What you are asked to do
Print exactly the lines below between the line holding "liburan nengok orang sakit" and the line holding "a0091314_0433687.jpg", inclusive, and nothing more.

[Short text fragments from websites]
::::

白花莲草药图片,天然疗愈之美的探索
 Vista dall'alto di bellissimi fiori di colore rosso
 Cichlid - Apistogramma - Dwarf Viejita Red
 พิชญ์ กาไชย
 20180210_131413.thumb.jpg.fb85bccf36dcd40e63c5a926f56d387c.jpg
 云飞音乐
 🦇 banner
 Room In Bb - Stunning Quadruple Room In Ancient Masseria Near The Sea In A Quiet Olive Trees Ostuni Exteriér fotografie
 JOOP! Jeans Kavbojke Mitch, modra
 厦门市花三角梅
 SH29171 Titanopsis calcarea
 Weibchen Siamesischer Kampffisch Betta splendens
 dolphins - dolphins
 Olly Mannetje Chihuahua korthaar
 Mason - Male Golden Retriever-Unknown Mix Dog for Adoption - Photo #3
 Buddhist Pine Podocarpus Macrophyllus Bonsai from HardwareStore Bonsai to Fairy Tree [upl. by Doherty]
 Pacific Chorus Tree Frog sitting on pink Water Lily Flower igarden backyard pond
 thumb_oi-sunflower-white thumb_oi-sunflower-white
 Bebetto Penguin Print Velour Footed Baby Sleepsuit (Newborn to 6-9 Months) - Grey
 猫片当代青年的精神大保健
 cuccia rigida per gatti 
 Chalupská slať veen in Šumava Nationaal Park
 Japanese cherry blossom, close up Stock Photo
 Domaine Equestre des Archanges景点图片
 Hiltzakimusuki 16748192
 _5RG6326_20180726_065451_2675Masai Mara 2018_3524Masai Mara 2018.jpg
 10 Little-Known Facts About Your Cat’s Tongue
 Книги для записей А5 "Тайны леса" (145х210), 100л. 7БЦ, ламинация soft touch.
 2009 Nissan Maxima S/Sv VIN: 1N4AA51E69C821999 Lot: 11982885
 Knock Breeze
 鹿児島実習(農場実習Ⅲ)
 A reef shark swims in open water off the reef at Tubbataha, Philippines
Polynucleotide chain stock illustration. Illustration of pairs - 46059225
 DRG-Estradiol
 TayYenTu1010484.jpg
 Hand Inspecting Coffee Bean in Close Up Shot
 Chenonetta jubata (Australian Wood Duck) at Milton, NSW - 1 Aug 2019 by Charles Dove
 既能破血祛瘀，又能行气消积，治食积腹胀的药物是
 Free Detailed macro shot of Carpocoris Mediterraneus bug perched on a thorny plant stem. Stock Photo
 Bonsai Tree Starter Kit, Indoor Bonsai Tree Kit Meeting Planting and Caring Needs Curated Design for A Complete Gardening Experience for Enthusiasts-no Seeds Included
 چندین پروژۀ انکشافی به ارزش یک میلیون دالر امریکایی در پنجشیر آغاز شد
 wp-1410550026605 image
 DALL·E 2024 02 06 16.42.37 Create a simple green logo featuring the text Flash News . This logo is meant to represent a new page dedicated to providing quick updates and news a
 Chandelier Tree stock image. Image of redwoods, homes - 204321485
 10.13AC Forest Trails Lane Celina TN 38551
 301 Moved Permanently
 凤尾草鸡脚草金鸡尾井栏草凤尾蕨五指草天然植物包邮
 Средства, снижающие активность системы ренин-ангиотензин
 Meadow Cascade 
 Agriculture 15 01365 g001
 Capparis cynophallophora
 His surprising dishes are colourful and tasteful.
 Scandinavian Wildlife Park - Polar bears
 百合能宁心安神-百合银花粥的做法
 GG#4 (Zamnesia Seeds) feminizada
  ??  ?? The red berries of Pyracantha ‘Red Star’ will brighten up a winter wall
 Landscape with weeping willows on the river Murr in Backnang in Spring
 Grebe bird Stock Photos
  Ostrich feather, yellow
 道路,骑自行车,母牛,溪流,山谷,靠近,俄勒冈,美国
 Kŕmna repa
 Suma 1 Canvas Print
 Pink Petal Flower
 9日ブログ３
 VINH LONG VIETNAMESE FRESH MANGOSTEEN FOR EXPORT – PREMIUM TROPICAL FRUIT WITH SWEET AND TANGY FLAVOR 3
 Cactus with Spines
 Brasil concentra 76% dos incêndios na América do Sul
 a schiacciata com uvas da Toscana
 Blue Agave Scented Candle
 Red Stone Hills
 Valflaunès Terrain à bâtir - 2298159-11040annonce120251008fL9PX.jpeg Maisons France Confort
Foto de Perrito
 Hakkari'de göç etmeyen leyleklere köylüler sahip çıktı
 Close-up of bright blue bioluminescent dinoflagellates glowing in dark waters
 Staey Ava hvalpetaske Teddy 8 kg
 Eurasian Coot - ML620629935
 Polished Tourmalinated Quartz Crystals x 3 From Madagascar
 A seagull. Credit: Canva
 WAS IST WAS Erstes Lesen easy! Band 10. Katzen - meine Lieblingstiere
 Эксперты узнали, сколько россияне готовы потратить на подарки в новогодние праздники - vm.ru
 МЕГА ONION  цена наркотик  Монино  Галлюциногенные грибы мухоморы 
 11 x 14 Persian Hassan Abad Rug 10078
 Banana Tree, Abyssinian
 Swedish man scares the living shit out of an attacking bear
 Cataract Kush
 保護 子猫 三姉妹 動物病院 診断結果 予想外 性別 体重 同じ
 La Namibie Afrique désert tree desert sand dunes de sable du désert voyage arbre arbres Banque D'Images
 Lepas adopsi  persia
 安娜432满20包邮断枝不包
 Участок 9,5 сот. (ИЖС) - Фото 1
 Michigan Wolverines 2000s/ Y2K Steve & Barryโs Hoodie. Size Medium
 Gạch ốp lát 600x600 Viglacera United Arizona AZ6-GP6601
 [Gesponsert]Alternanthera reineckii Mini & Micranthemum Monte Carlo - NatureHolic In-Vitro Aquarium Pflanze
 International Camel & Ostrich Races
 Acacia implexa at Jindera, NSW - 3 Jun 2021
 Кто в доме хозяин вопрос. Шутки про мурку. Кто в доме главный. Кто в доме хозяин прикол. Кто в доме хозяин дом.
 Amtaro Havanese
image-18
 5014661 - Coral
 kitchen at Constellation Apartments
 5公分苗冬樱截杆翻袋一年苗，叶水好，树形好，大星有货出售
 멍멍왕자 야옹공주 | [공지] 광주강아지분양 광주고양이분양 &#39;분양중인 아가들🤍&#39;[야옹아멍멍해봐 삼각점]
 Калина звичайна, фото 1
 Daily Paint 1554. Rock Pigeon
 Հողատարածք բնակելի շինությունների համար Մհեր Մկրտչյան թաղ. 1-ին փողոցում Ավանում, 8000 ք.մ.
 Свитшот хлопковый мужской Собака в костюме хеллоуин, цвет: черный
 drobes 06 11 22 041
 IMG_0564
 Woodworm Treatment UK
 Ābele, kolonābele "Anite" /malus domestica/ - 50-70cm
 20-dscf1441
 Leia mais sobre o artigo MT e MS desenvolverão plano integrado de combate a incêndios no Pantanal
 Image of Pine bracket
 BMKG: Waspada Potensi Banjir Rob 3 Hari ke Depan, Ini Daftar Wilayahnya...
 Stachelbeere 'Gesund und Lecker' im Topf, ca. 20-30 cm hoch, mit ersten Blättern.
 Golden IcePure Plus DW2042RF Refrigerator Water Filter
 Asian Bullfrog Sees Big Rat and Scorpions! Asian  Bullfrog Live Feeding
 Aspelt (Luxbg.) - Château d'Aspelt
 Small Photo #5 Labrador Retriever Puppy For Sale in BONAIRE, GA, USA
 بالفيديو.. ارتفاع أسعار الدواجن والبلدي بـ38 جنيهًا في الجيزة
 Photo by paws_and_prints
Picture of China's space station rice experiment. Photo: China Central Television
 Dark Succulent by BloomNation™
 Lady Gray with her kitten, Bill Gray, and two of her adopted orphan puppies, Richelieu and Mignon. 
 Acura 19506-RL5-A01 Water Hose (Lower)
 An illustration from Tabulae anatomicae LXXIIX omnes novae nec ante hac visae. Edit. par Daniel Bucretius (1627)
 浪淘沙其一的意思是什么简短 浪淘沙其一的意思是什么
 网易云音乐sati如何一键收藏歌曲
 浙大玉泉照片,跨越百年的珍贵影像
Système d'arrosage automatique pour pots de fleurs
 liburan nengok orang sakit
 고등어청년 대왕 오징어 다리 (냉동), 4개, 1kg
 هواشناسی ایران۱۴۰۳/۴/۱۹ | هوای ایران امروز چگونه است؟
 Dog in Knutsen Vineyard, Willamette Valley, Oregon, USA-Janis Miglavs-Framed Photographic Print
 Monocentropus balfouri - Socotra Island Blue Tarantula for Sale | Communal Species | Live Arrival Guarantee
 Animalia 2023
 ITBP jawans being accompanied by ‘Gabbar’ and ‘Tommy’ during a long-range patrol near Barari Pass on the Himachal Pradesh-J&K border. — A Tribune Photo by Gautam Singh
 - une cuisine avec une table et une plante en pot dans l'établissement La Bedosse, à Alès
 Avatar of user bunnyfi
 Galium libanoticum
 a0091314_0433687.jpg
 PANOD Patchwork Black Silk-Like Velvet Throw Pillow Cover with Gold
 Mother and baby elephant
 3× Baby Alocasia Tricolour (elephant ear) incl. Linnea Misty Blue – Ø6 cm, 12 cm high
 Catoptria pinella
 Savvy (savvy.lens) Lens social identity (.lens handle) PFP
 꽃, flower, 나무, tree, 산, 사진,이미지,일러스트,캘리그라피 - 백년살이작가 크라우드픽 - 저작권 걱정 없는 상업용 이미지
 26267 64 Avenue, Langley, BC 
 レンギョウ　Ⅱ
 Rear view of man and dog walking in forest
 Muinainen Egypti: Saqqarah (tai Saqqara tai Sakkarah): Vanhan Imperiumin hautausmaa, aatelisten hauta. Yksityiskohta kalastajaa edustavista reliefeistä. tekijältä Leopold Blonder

::::

Output of the task
 liburan nengok orang sakit
 고등어청년 대왕 오징어 다리 (냉동), 4개, 1kg
 هواشناسی ایران۱۴۰۳/۴/۱۹ | هوای ایران امروز چگونه است؟
 Dog in Knutsen Vineyard, Willamette Valley, Oregon, USA-Janis Miglavs-Framed Photographic Print
 Monocentropus balfouri - Socotra Island Blue Tarantula for Sale | Communal Species | Live Arrival Guarantee
 Animalia 2023
 ITBP jawans being accompanied by ‘Gabbar’ and ‘Tommy’ during a long-range patrol near Barari Pass on the Himachal Pradesh-J&K border. — A Tribune Photo by Gautam Singh
 - une cuisine avec une table et une plante en pot dans l'établissement La Bedosse, à Alès
 Avatar of user bunnyfi
 Galium libanoticum
 a0091314_0433687.jpg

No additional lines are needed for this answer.